What you have to do> Find "Étiquettes sensibles à", then copy its line and every later line of the entries exactly through the end, leaving all pictures out.
++++ Supplied entries
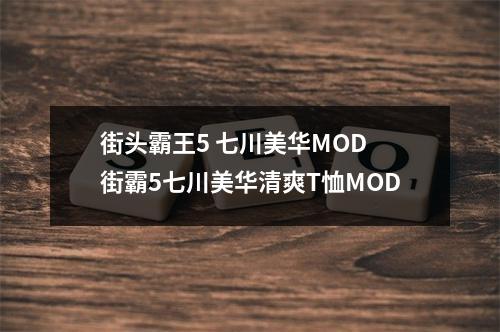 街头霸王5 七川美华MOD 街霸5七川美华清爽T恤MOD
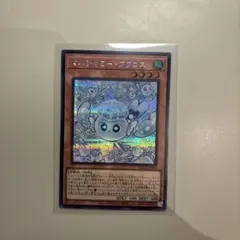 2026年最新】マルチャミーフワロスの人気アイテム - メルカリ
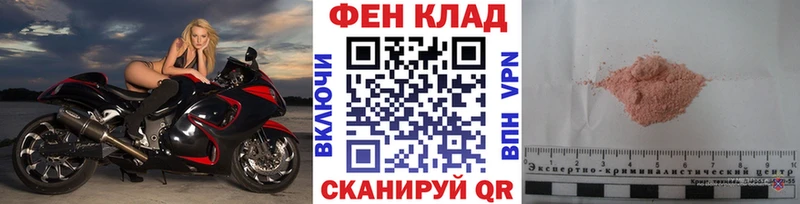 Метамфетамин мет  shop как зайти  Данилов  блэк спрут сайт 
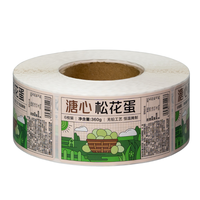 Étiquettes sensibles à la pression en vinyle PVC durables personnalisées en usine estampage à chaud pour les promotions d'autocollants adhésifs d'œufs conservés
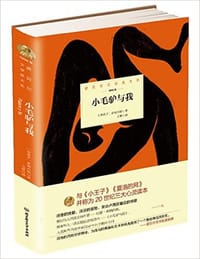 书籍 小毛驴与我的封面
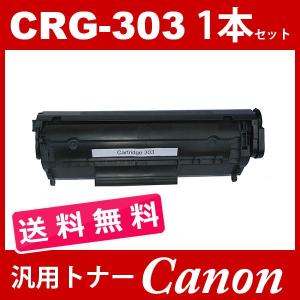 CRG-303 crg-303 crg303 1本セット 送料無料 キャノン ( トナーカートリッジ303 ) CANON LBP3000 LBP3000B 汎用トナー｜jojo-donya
++++++++
Answer to the problem>
 Étiquettes sensibles à la pression en vinyle PVC durables personnalisées en usine estampage à chaud pour les promotions d'autocollants adhésifs d'œufs conservés
 书籍 小毛驴与我的封面
 CRG-303 crg-303 crg303 1本セット 送料無料 キャノン ( トナーカートリッジ303 ) CANON LBP3000 LBP3000B 汎用トナー｜jojo-donya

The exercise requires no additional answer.